Malgré une interruption anticipée du programme à cause d'un problème technique d'utilisation, les deux chercheuses ont publié leurs résultats en janvier dans le journal d'Aerospace Medicine and Human Performance. Elles rapportent avoir reçu les données pour 5766 utilisations de médicaments –soit trente-huit fois plus que toutes les archives combinées pour les vols spatiaux précédents.

Sédatifs, adrénaline, somnifères, antidépresseurs

D'après leurs résultats, il semblerait que l'usage de médicaments soit plus élevé à bord de la Station spatiale internationale (ISS) que sur Terre –notamment lorsqu'il s'agit de pilules pour aider à dormir ou d'anti-douleurs comme l'Ibuprofène.

Les chercheuses rapportent surtout que «la plupart des médicaments ont été considérés partiellement efficaces» par les astronautes.
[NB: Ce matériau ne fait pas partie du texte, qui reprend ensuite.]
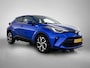 Toyota C-HR / C-HR+ 1.8 Hybrid First Edition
Un résultat qui les inquiète, surtout parce qu'il montre à quel point on méconnaît les risques liés à l'expiration des médicaments ou à un surdosage.

«Je ne veux pas donner l'impression de sonner le signal d'alarme», avertit cependant Rebecca Blue, qui collabore avec l'Aerospace Medicine and Vestibular Research Laboratory de la Clinic Mayo dans l'Arizona. «Parce que la vérité est juste que nous ne savons pas.»

Un constat qui semble accompagner les rares études déjà réalisées sur la question. Publiée dans Clinical Pharmacology en 2005, l'une d'elle montrait déjà que la ciprofloxacine, un antibiotique classique, semblait avoir plus de mal à pénétrer les tissus corporels à cause la micro-gravité –d'après des tests sur six patients dans un hôpital en Floride. Sauf que la technique utilisée pour reproduire un vol spatial, bien qu'excellente d'après une étude de 2011, ne peut complètement imiter les conditions réelles.

Pour obtenir davantage de données, la NASA travaille donc à implémenter un protocole similaire à celui de Wotring pour de futures missions. Les astronautes ont un cabinet médical fourni à disposition: on y trouve entre autre de la caféine, des sédatifs, des antibiotiques, de l'adrénaline, des somnifères, des antidépresseurs ou des hormones.

Cela dit, les astronautes croisent surtout les doigts pour qu'il n'y ait jamais de raison de procéder à une chirurgie médicale dans l'espace: une urgence serait statistiquement garantie pour un équipage de six personnes en route pour une mission de 900 jours sur Mars.